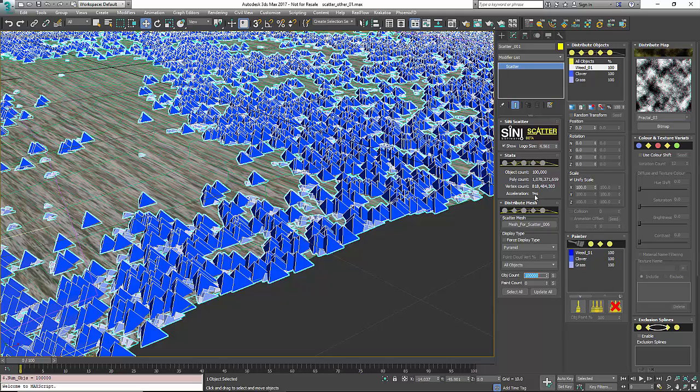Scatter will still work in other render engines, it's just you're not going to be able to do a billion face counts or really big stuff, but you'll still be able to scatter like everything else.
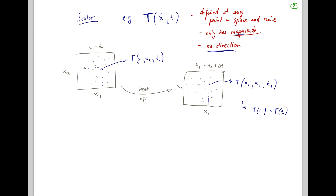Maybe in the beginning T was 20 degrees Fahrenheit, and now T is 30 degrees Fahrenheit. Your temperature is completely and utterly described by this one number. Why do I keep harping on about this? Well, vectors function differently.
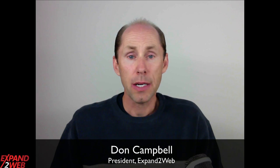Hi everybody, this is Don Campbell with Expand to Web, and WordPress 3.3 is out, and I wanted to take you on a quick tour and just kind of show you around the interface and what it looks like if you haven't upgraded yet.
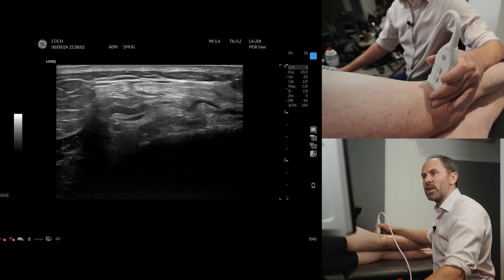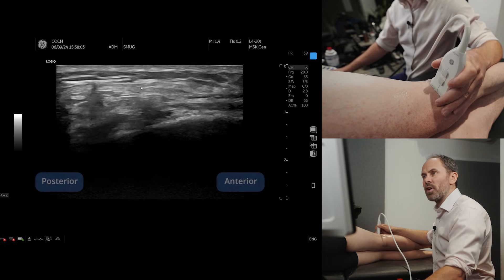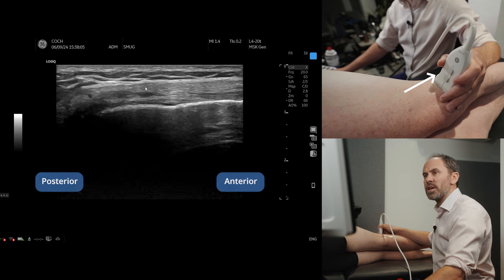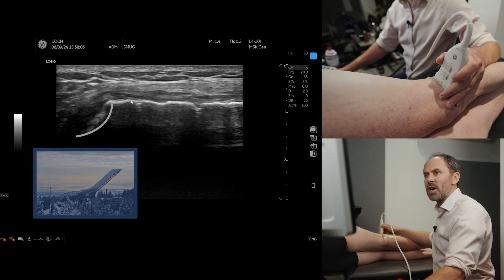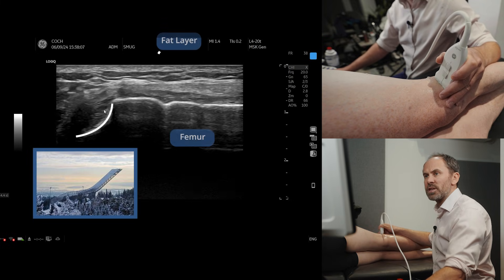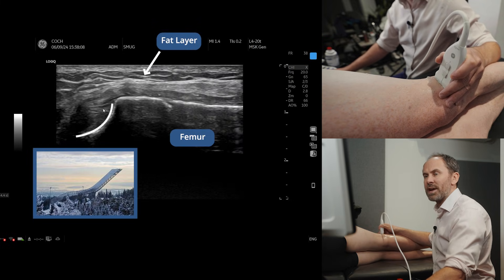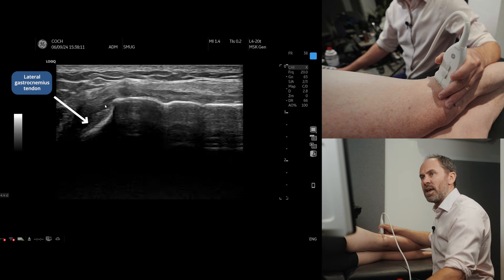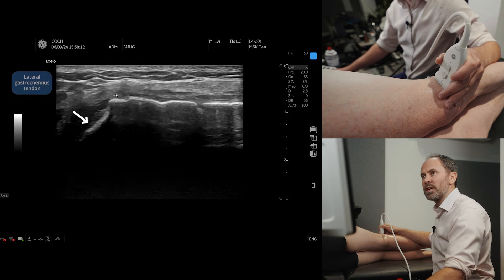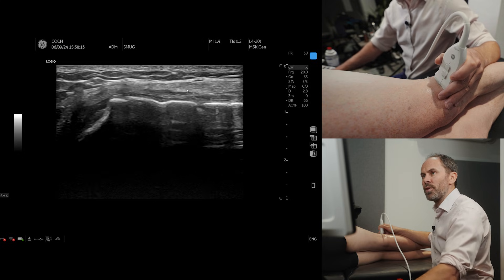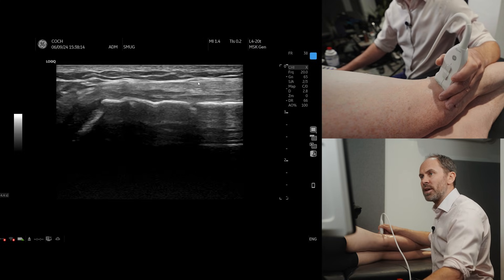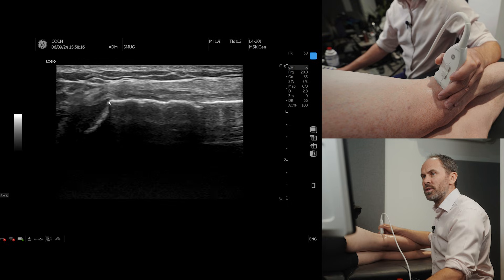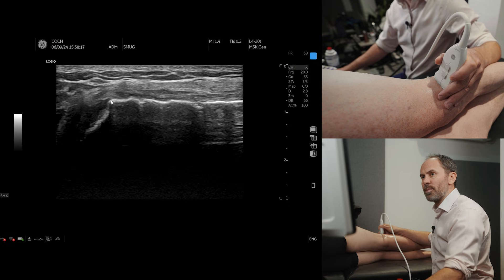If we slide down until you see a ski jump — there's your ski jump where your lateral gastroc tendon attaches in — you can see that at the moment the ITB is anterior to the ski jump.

#####

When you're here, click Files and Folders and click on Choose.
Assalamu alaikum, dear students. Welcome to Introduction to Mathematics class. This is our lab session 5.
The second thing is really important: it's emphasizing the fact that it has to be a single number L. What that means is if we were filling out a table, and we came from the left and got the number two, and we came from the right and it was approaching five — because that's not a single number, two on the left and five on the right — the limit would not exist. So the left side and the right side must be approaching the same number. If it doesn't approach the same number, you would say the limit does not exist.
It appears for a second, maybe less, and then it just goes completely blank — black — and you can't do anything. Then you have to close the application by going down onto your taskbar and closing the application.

#####

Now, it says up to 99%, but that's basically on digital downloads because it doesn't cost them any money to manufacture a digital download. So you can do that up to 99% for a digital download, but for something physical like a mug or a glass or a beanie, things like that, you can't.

#####

What to produce:
Up in the listing, locate the line with "Scatter will still"; print it and every line after it down to the line with "Hi everybody, this", which is included too. Skip the pictures.

Answer:
Scatter will still work in other render engines, it's just you're not going to be able to do a billion face counts or really big stuff, but you'll still be able to scatter like everything else.
Maybe in the beginning T was 20 degrees Fahrenheit, and now T is 30 degrees Fahrenheit. Your temperature is completely and utterly described by this one number. Why do I keep harping on about this? Well, vectors function differently.
Hi everybody, this is Don Campbell with Expand to Web, and WordPress 3.3 is out, and I wanted to take you on a quick tour and just kind of show you around the interface and what it looks like if you haven't upgraded yet.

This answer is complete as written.